The dumping of e-waste has grown into such an environmental disaster that I tried to ignore the tangle of computers and printers hiding in the basement, where at least they could do no harm. But when I learned I could unload the stuff safely not far from my home in Newton, Massachusetts, I dutifully excavated an ancient IBM desktop and drove it to a nearby “transfer station” for recycling. An attendant pointed me to a room-sized container crammed nearly to the roof with outdated electronics. I wedged my machine among the other castoffs and silently pledged to return the following week with the rest of the electronic junk lurking in my basement. Doing good had never been so easy.
In truth I had no idea where that computer was headed. When I asked Elaine Gentile, director of Newton’s Division of Environmental Affairs, she seemed surprised. Apparently not many people concern themselves with the trajectory of their abandoned electronics. Gentile told me my computer was likely en route to the Massachusetts headquarters of CRT Recycling Inc., a company that trucks roughly 20 tons of discarded computers, television sets, and other electronics out of my small city every month.
CRT Recycling is housed in a low-slung, ramshackle building whose entrance seems to be a secret. It took me some time to find the door, and when I did and walked inside it was clear why sign-age was not a priority—the place was cavernous, cacophonous, strewn with junk, and definitely not for tourists.
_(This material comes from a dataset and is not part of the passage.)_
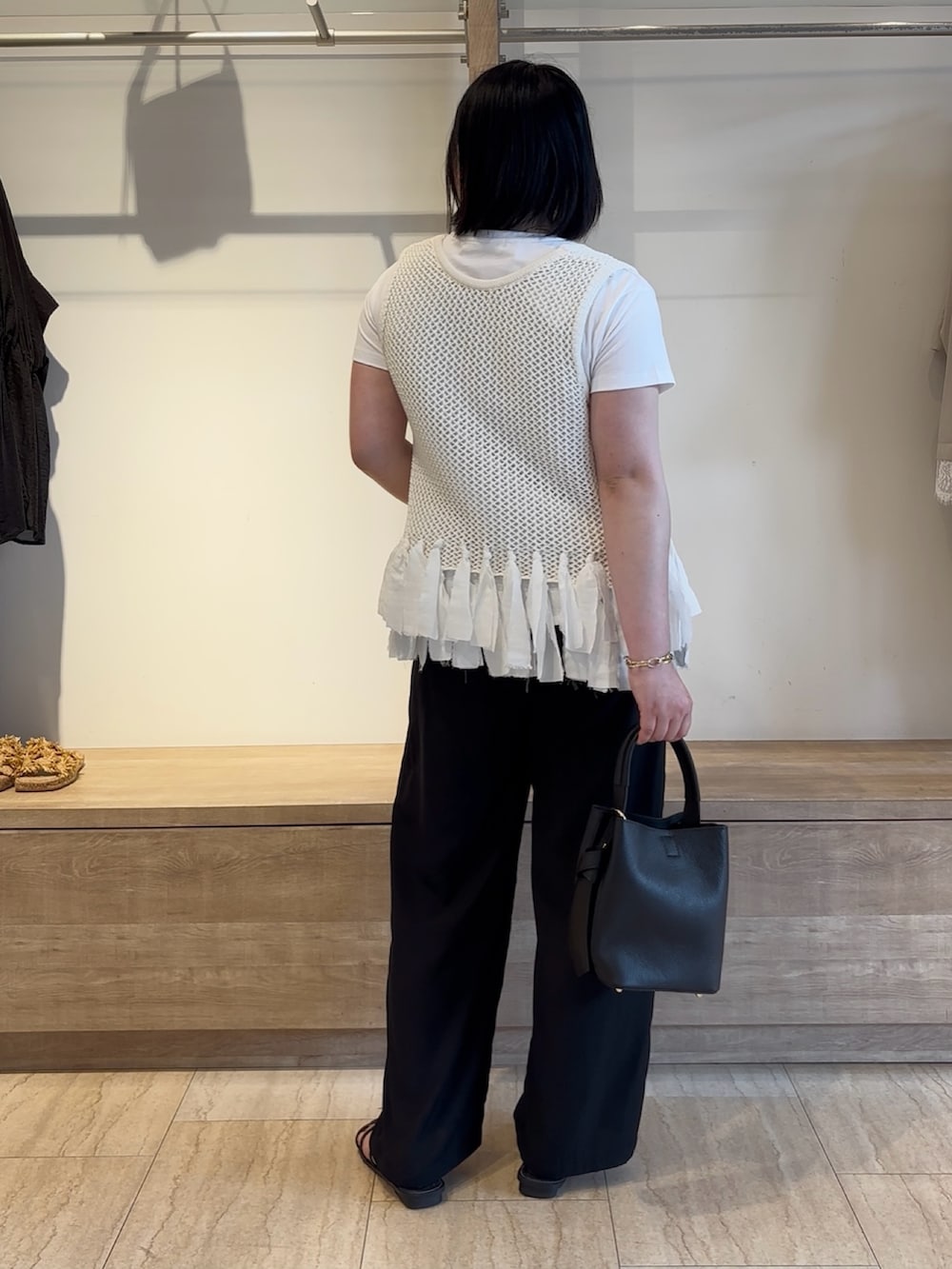 ホワイト系のTシャツ/カットソー、ホワイト系のニット/セーター、ブラック系のその他パンツを着用したレディースの夏コーディネートの2枚目の写真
General manager Peter Kopcych waved me into the relative quiet of his office. A compact yet burly man, he wore a sweatshirt that bore the mark of one too few launderings. Kopcych rose from behind his desk and gathered a small entourage of employees to escort me on a tour.
Walking deep into the din we came to an open area raucous with salsa music and littered with cardboard boxes the size of Shetland ponies. Kopcych buys these “gaylords” for three bucks apiece from truckers hauling produce from the West Coast. His workers peel out the wilted lettuce leaves, line the boxes with protective plastic, and fill them with wire, gears, plastic parts, printers, keyboards, computers, battery packs, and broken glass from cathode ray tubes. As we chatted a virtual United Nations of recycling entrepreneurs filed by: A two-man team rummaged a hillock of computer printers, yanking out the ink cartridges to refill at their Rhode Island factory and sell on the secondhand market. A pair of Haitian dealers combed through a pile of television sets, culling the best ones for sale in their home country. A couple of guys from the Dominican Republic clipped compressors from a lineup of rusting refrigerators. This was low-hanging fruit, parts that can be readily refurbished and resold at a profit. But the bulk of Kopcych’s booty gets shipped to the developing world.
Thirteen years ago more than 62 nations agreed to a ban on the export of hazardous waste—including electronic waste—from wealthy to less wealthy countries. Since then several more countries have signed on, but some major players—Canada, Australia, and the United States among them—have not ratified the ban, and it does not yet wield the force of law. This foot-dragging, environmentalists complain, has stalled reform. “Free and easy export of waste to the developing world is killing incentives for American recyclers to do the right thing,” says Jim Puckett, coordinator of the Basel Action Network, an environmental advocacy group. “Americans are less willing to invest in change because it’s so cheap to simply ship waste abroad and so profitable to poison the poor.”